Este fue mi primer libro no comprado por mis padres. Y este libro se convirtió en un referente si no intelectual, hoy en día no lo incluiría en la buena literatura, sí, vital. Con su lectura aprendí qué es el sacrificio, el éxito a partir del esfuerzo, el progreso basado en una extenuante laboriosidad, el levantarse de una amarga derrota más fuerte que en el momento de caer y más preocupado por indagar por qué el error, dónde el fallo, cuándo se torció el experimento, en qué punto hay que cambiar el paso, dónde buscar un nuevo paradigma, que en lamentarse o lamerse las llagas.
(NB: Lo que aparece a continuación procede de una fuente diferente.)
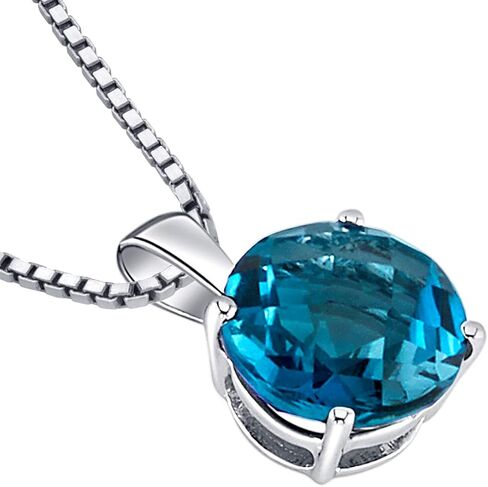 PEORA 14K White Gold London Blue Topaz Pendant for Women, Natural Gemstone Birthstone Classic Solitaire, 2.50 Carats Round Shape 8mm in Saudi Arabia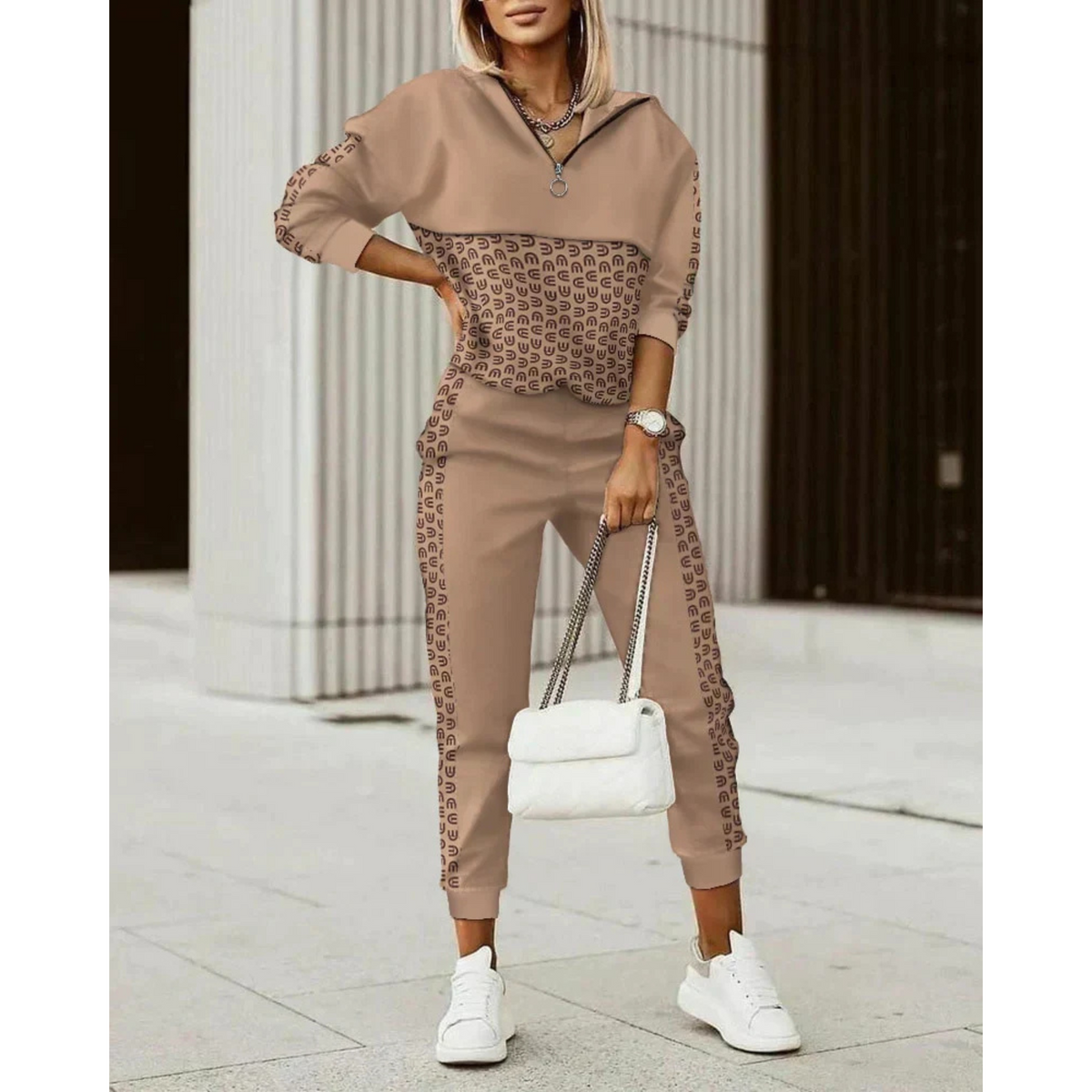 Dames Trainingspak - Comfortabele Loungewear Set Bruin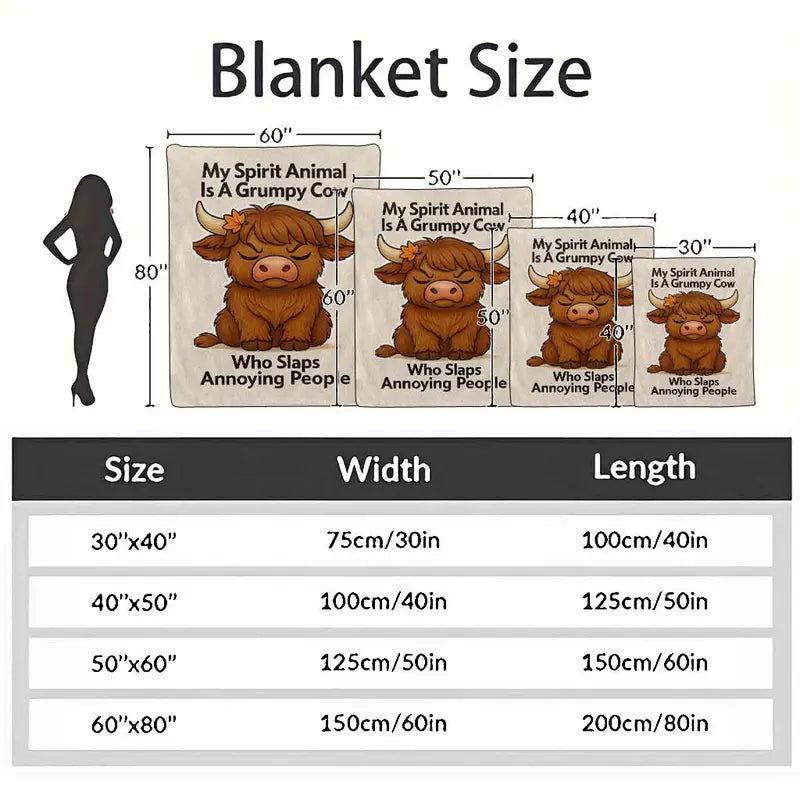 Grumpy Highland Cow Flannel Fleece Throw Blanket (30x40-60x80) - image 10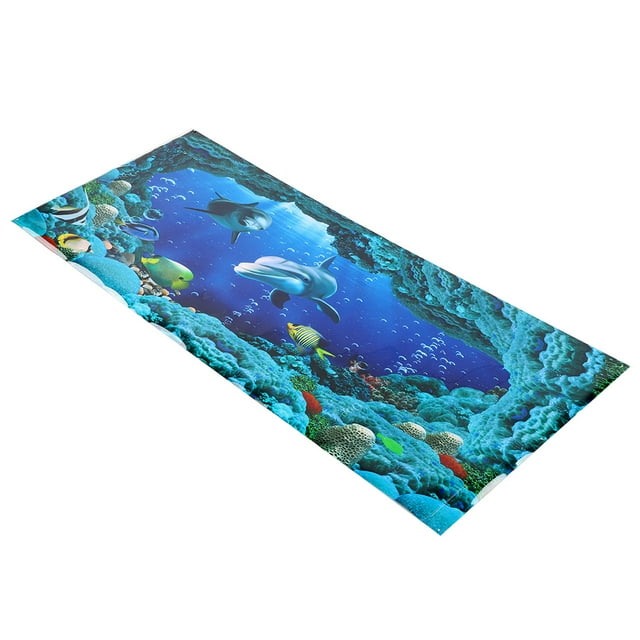 Aquarium Background, Sea World Paintings Background Poster Decorative Reptile Tank Background Terrarium Background PVC Sticker Landscape for Aquarium Fish Tank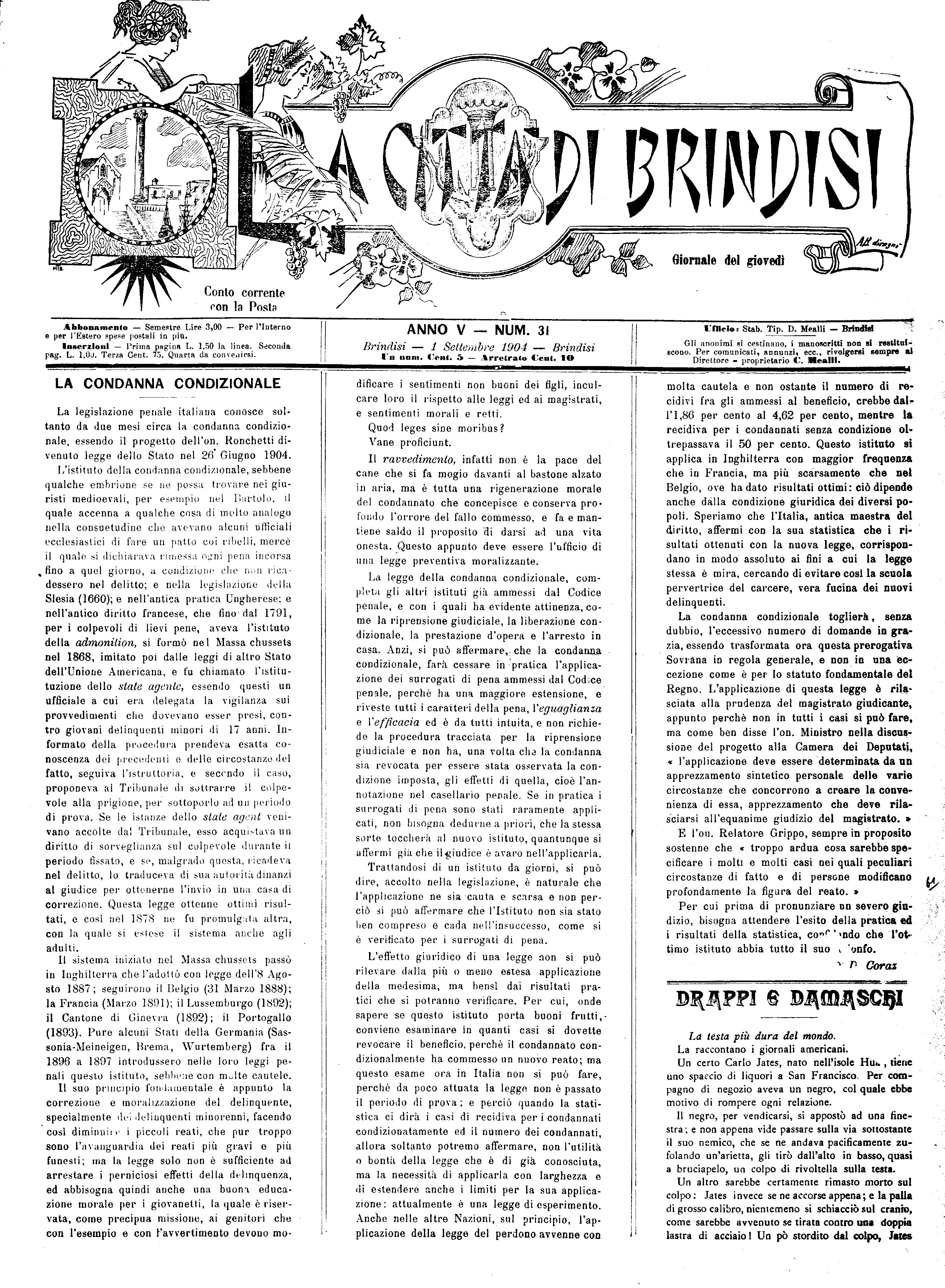 A. 5, n. 31 (01 Sett. 1904)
La tarea que pretendían en el Hospital Groote Shuur, en Sudáfrica, era ingente (eso es ser pionero): trasplantar un corazón sano a un paciente desahuciado. Y, como siempre ante cualquier avance, hay que dar un paso atrás y ver de dónde pueden provenir esos aires que, aunque novedosos, siguen teniendo aromas a sabrosos guisos ya degustados anteriormente.
En España solemos expresar, de forma
jactanciosa y casi ofensiva o ultrajante, que
alguien ha redescubierto el Mediterráneo ante
hechos que son leves mejoras de eventos exitosos pasados. Pero, en nuestro orgullo y en nuestra
vanidad e incluso, en nuestra prepotencia, no nos percatamos de que siempre
hay un antes, nada, absolutamente nada, es flor de un día, ese hermoso fruto
ahora recogido en el árbol ha madurado gracias
a innúmeros pormenores: sol, agua, pájaros,
podas, exterminios de plagas,....
Si Einstein, científico prodigioso con una mente preclara,
no hubiese publicado
su teoría de la relatividad, Henry Poincarè, no menos reseñable matemático, lo habría hecho pues ya la tenía elaborada y le faltó algo
de
diligencia en su presentación y defensa (o, tal vez, confianza y valor). Los
descubrimientos científicos, aun teniendo nombres y apellidos y fechas de nacimiento y de publicación en el registro, no hubiesen quedado
en el olvido o sin progenitores si quienes los bautizaron no hubiesen
estado allí. Es famosa la historia (deformación profesional) de la identificación de las funciones
computables, a principios de los años 30 del pasado siglo. Tres matemáticos
trabajando independientemente, resolvieron ese arduo problema dando soluciones muy diferentes pero, he ahí la gozosa
intrahistoria en todos estos doblegamientos de la realidad
ante el deslumbrante ingenio del SER HUMANO (en estos ámbitos sí merece
las mayúsculas no en las iniquidades
que estamos viviendo en los últimos años), convergentes. Alan Turing habló de
las funciones calculables con una máquina
de Turing; Alonzo
Church de las funciones λ-definibles; George
Gödel de las funciones recursivas, (sin olvidar
los algoritmos de Markov o la máquina de Post). ¡Y todas son equivalentes entre sí!, tal como
establece la Tesis de Church-Turing.
La ciencia no es el hombre concreto;
es el instante en que el caldo de cultivo está fermentado.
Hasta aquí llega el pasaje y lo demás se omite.